Вцепления и срывы: о трансгрессивном творчестве невидимого писателя Алексея Савельева

Виталий Аширов — поэт, прозаик. Родился в 1982 году в Перми. Окончил Литературный институт. Публиковался в журналах «Урал», «Юность», «Нева», «Homo Legens», «Здесь», альманахе «Вещь» и др. Автор книги «Скорбящий киборг. Диаманда Галас за пределами ультрамодернизма», 2019.


 

Вцепления и срывы: о трансгрессивном творчестве невидимого писателя Алексея Савельева

 

До сих пор задачей литературного андеграунда (экспериментального и диссидентского творчества) считалось некое абстрактное «соответствие духу времени и духу всей мировой литературы». В эпоху интернета, сверхскоростного открытого медиапространства, это пресловутое соответствие достигается чрезвычайно легко. Поэтому наши популярные авторы на острие новейших западных словесных разработок. С. Снытко, Д. Давыдов, А. Черкасов, А. Ильянен, Д. Данилов и т.п. Если оглянуться с холодным вниманьем вокруг, именно авангард (в его пост- и метамодернистском изводе) гордо верховодит молодежным литпроцессом. Актуальный, оснащенный техникой деконструкции, оптикой соцсетей и широким критическим освещением. Но — выхолощенный, какой-то неавангардный. Топчется в рамках дозволенного мещанским общественным мнением (которое теперь вместо партийных установок), боится матюкнуться, использовать образы детей (не дай бог, признаки порнографии увидят и посадят), художественно замучить животное или просто смешно пошутить. Авангард инверсированный в строгий, важный и предсказуемый мейнстрим.

По-настоящему «другая литература» должна создавать тексты, принципиально далекие от тенденций слияния с некими заранее данными “передовыми” трендами, выступать против победивших и окостеневших форм.

 

* * *

То, что выходит слишком просто (например, бесконечные возможности нейросетей по созданию автоматических текстов) очень скоро перестает удивлять. Языковые опыты — сама суть и плоть интернета, похожего по своей кодовой интертекстуальной структуре на огромное авангардное стихотворение. «Другое» такой системы, забитой тотальным переизбытком визуально-игрового, расположено в содержательной сфере.

Не забываем также, что в обществе наблюдается постоянное усиление запретительных установок социального бессознательного в отношении трансгрессивности.

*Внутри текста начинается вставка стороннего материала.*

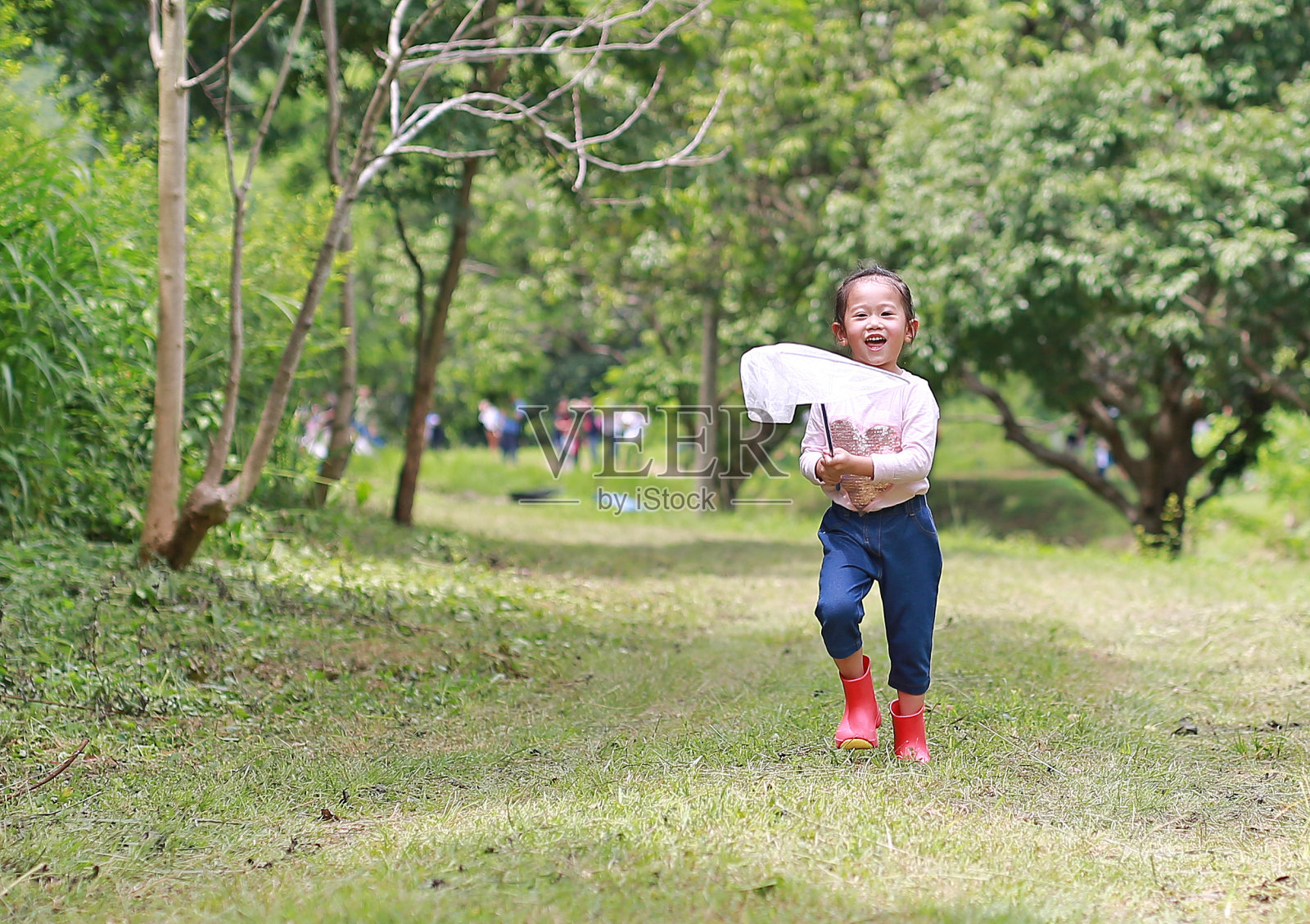 快乐的亚洲小女孩在田野里玩在夏天的昆虫网。照片摄影图片
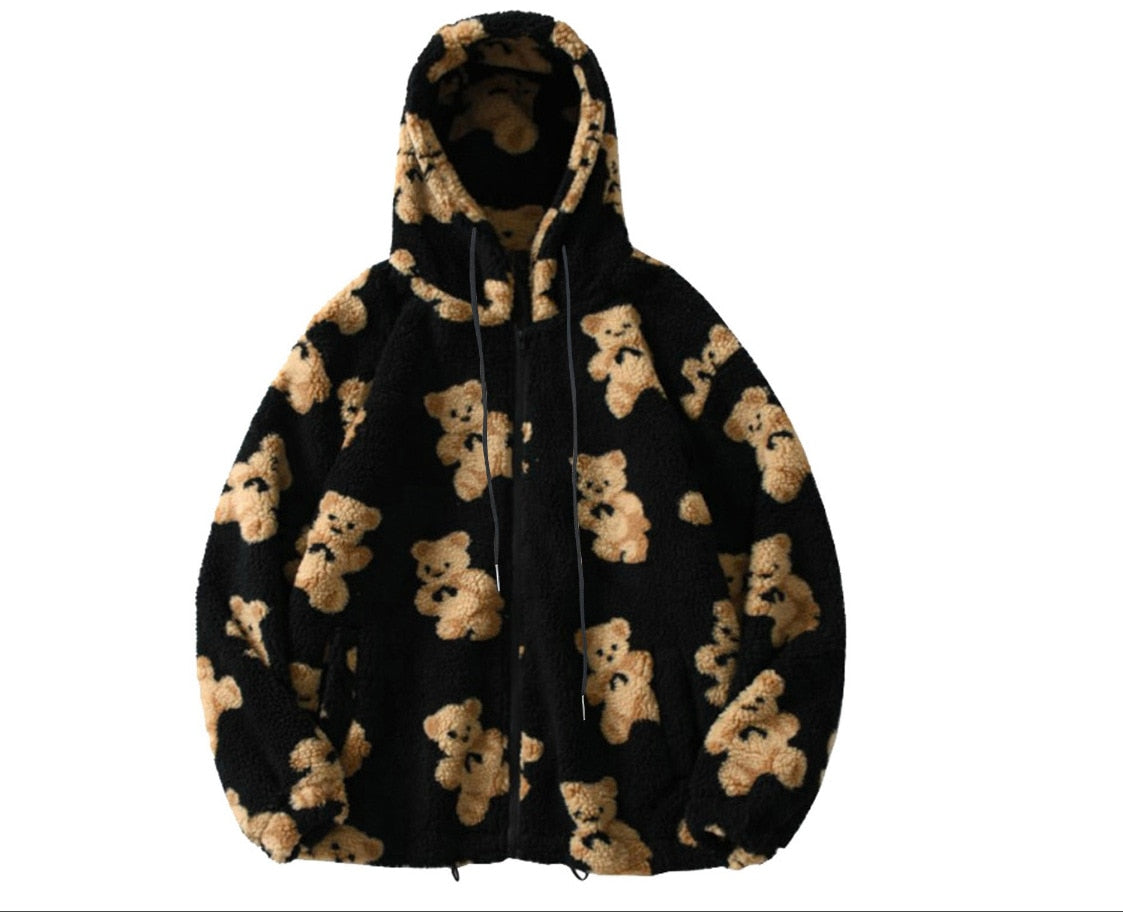 Women Zip Up Sweatshirt Teddy Bear Coat Warm Hoodies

Следовательно, именно содержательная зона «отвратительного» теперь снова (как в 90-х) может стать действенным бастионом свежего, нового творчества.

Но в текущей русской литературе, окромя Сорокина и Пепперштейна, кажется, не осталось талантливых провокаторов, играющих с трансгрессивными темами.

А литературное подполье не существует для деятелей современного литпроцесса. Вольно перефразируем одного известного критика: «все, что не засветилось в премиальных списках и издательских системах, — графомания». Тем не менее оно есть, и там происходят интересные дела.

Например, уже много лет живет и творит замечательный прозаик из города Владимир — Алексей Савельев. Он является современной российской версией американского маргинала и чудака Генри Даджера. Добродушного слабоумного Даджера в Америке узнали и полюбили посмертно, когда в его квартире обнаружили тысячи рисунков голых маленьких девочек и мальчиков (и те, и те с пенисами), образующих огромный связный комикс на тему войны взрослых и детей в архаическом рабовладельческом социуме.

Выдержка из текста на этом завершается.